#### [TRY IT]
Line by line, return the listing exactly, without any of the images.

#### [SOURCE DATA]
Content starts

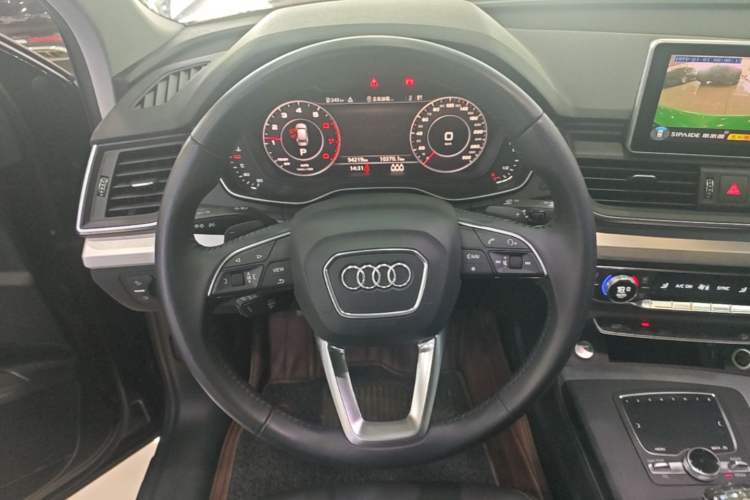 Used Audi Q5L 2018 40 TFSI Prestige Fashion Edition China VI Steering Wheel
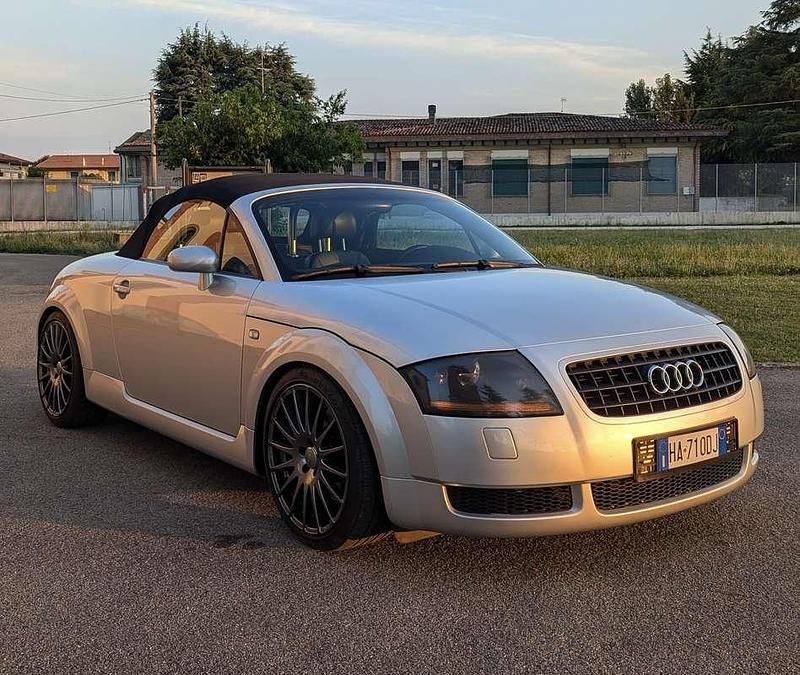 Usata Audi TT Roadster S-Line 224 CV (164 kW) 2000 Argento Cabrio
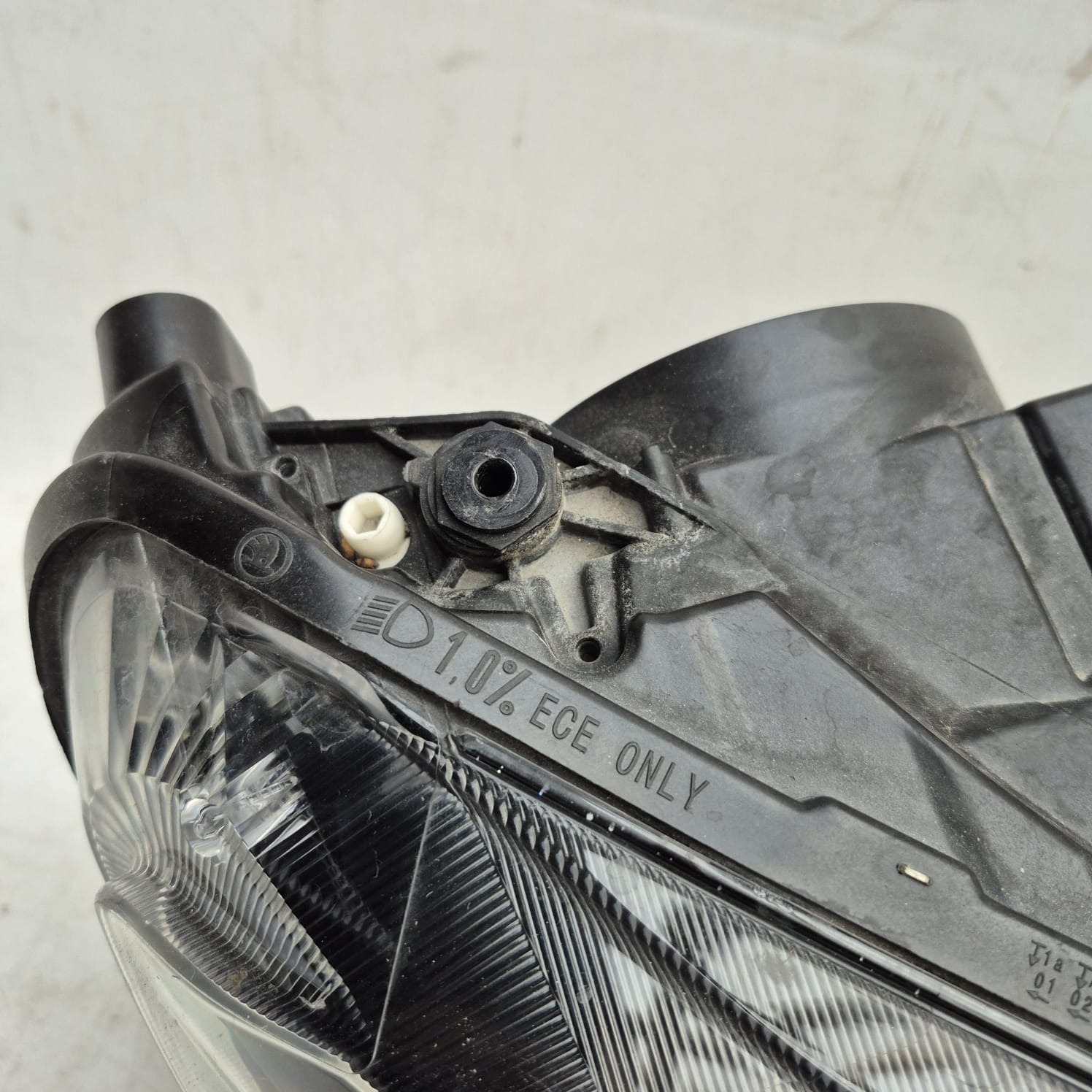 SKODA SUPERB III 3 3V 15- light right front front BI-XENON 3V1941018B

Content ends

#### [WRITTEN SOLUTION]
 Used Audi Q5L 2018 40 TFSI Prestige Fashion Edition China VI Steering Wheel
 Usata Audi TT Roadster S-Line 224 CV (164 kW) 2000 Argento Cabrio
 SKODA SUPERB III 3 3V 15- light right front front BI-XENON 3V1941018B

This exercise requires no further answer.